3 Dimora degli Etruschi in Italia.
È quindi nell'interesse della storia, per chiarire queste confusioni storiche, l'indagare quali fossero le più antiche residenze degli Etruschi e come essi s'inoltrassero poi nel paese. Abbondano le prove che prima della grande invasione celtica i Raseni abitavano la regione settentrionale del Po (Padus) confinando all'est coll'Adige, dove cominciavano i Veneti di stirpe illirica (albanese?), all'occidente coi Liguri; e conferma questa supposizione principalmente la circostanza dell'aspro dialetto etrusco, parlato ancora ai tempi di Tito Livio dagli abitanti delle Alpi Retiche, e nella città di Mantova rimasta etrusca sino ne' più tardi tempi. A mezzodì del Po e sino alle sue foci si mescolavano Etruschi e Umbri, quelli come lo stipite dominante, questi come lo stipite più antico che aveva fondato le due città commerciali di Hatria e Spina; mentre invece Felsina (Bologna) e Ravenna pare che siano di origine etrusca. Passò lungo tempo prima che i Celti varcassero il Po, il che spiega come gli Etruschi e gli Umbri gettassero sulla riva destra radici molto più profonde di quello che non facessero sulla sinistra da loro più presto abbandonata.
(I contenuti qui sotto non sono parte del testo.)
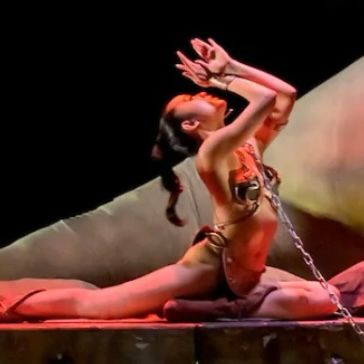 A burlesque dancer dressed as Slave Leia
Ad ogni modo le regioni a settentrione dell'Appennino passarono con troppa rapidità da una all'altra schiatta perchè vi si fosse potuta radicare durevolmente una civiltà caratteristica.
Maggiore importanza per la storia ebbe la grande colonia degli Etruschi nel paese che porta ancora oggi il loro nome. Anche se qui presero eventualmente stanza ne' primi tempi gli Umbri e i Liguri, le loro tracce furono interamente cancellate dall'occupazione e dalla civiltà etrusca.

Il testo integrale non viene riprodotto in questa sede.